This Supplemental Security Agreement is executed by Michael Anthony Jewelers,
Inc. ("Borrower") pursuant to the terms of a Loan and Security Agreement dated
January 29, 1999 between Borrower and General Electric Capital  Business Asset
Funding Corporation ("Lender"). All capitalized terms used herein that are not
otherwise defined herein shall have the respective meanings given to such terms
in the Loan and Security Agreement.

     In order to provide security for the payment and performance of Borrower's
obligations under the Loan Documents, Borrower has granted to Lender a first
priority security interest in the Collateral.
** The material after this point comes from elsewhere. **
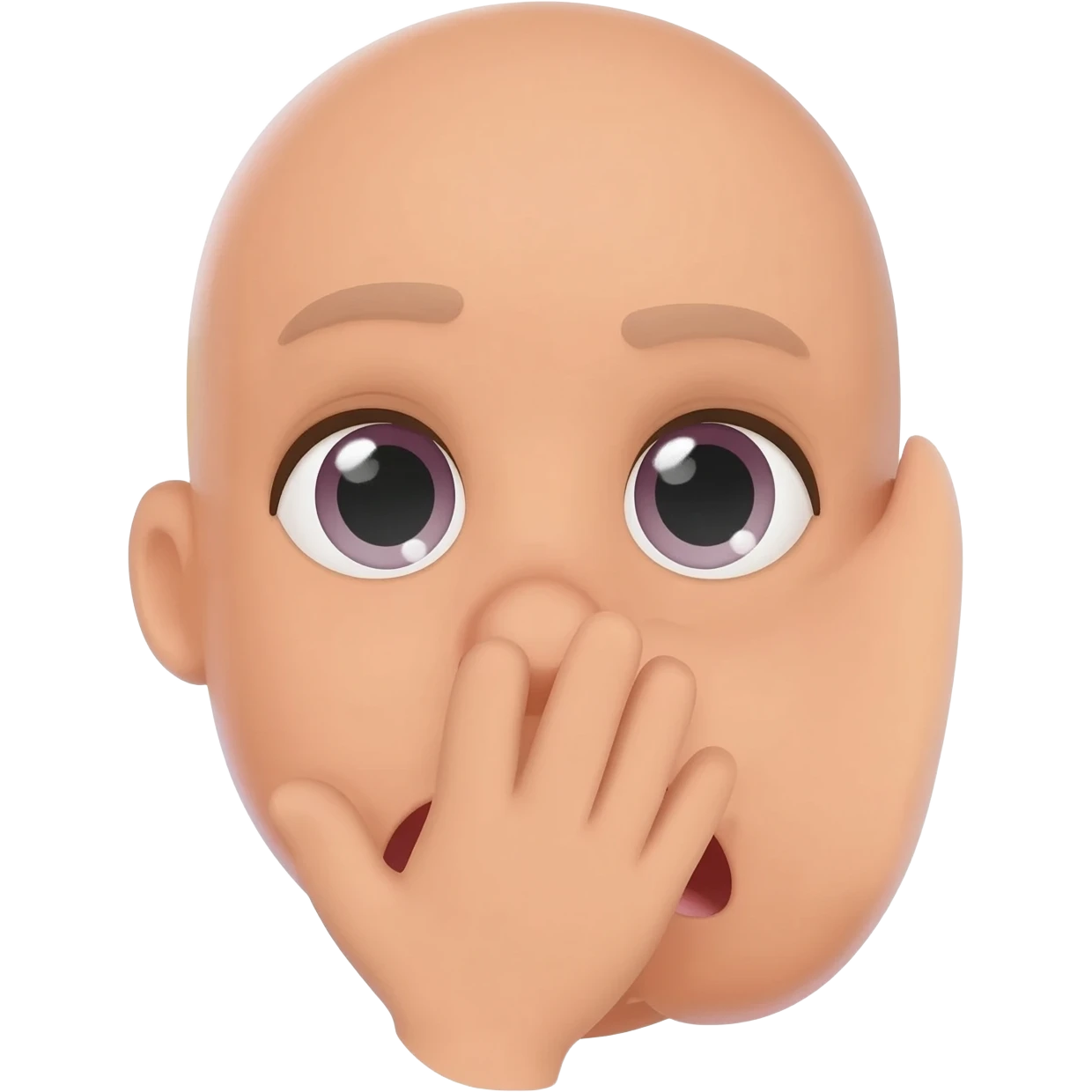 😮🤭 Fait en moi un qui a les deux emoji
In addition to said grant,
Borrower intends by this Supplemental Security Agreement to grant to Lender a
first priority security interest in the items of Equipment identified herein.
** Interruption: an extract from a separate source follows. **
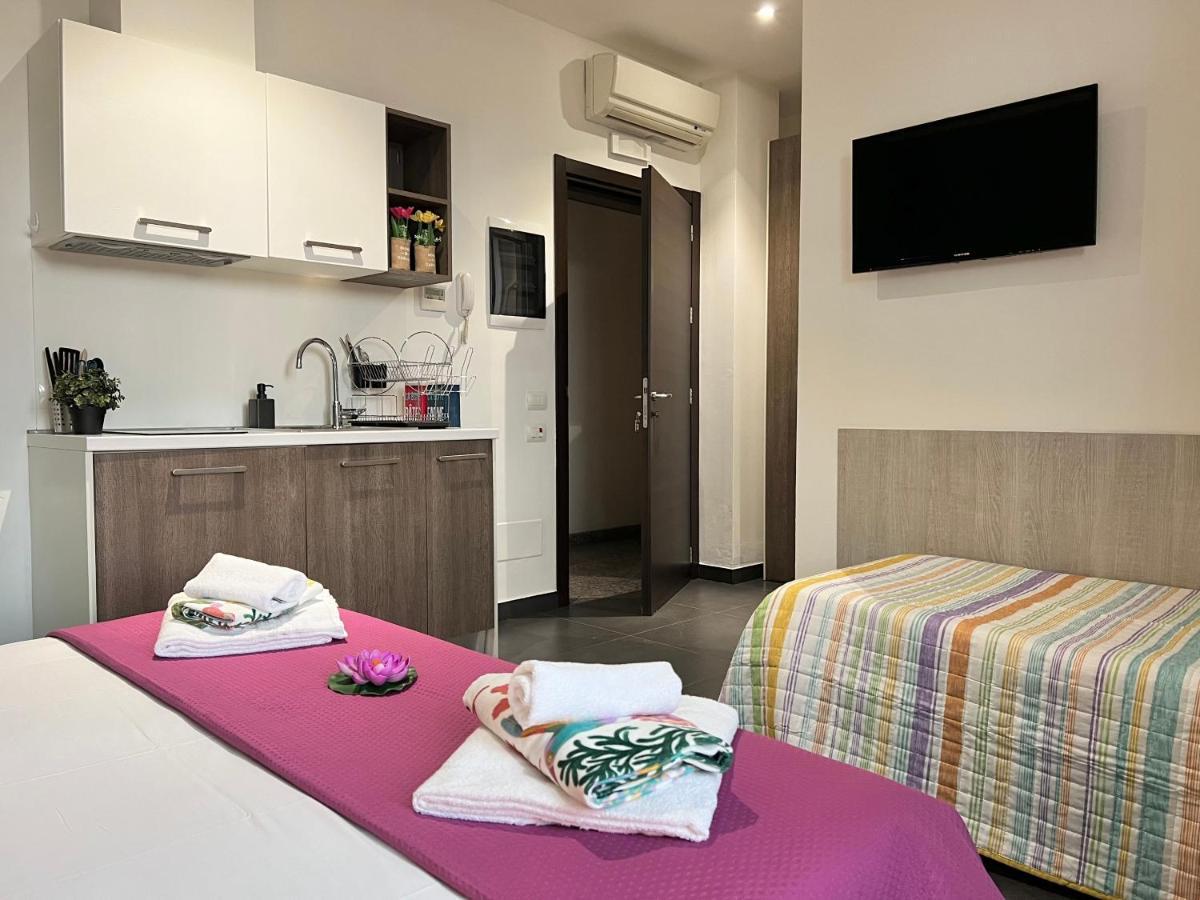 נוברה Bnbook Residence Matteotti מראה חיצוני תמונה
     1. To further secure the payment and performance of all of Borrower's
obligations to Lender under the Loan Documents, Borrower hereby grants to Lender
a first priority security interest in the items of Collateral described below,
including all present and future additions, attachments and accessories thereto,
all substitutions therefor and replacements thereof and all proceeds thereof,
including all proceeds of insurance:



Qty.     Model/Mfr.                 Description                   Serial No.                Cost or Appraised Value
- ----     ----------                 -----------                   ----------                -----------------------
                                                                                 
                    Jewelery molds, casts, dyes, tools, machinery                                  $10,444,444.46
                    and equipment.


2. Borrower hereby (a) affirms that the representations and warranties set forth
in Section 5 of the Loan and Security Agreement are true and correct as of the
date hereof; (b) represents and warrants that Lender has a first priority
security interest in the Collateral; and (c) represents and warrants that the
above described equipment will be maintained at the following locations:


                                                                                                  
  115 SOUTH MACQUESTEN PARKWAY,  50 S. MACQUESTEN PARKWAY,  60S. MACQUESTEN PARKWAY,  70 S. MACQUESTEN PARKWAY
  MT. VERNON NY 10550            MT. VERNON, NY 10550       MT. VERNON, NY 10550      MT. VERNON, NY 10550


3. The Loan Amount for loans to be made pursuant to this Supplemental Security
Agreement is $10,444,444.46

4. The Commitment Expiration Date for loans to be made pursuant to this
Supplemental Security Agreement is JANUARY 30,1999.

5. The amount of liability insurance required to be maintained by Borrower
pursuant to Section 6(d) of the Loan and Security Agreement is
$_______________________________.

6. All of the terms and provisions of the Loan and Security Agreement are hereby
incorporated in and made a part of this Supplemental Security Agreement to the
same extent as if fully set forth herein.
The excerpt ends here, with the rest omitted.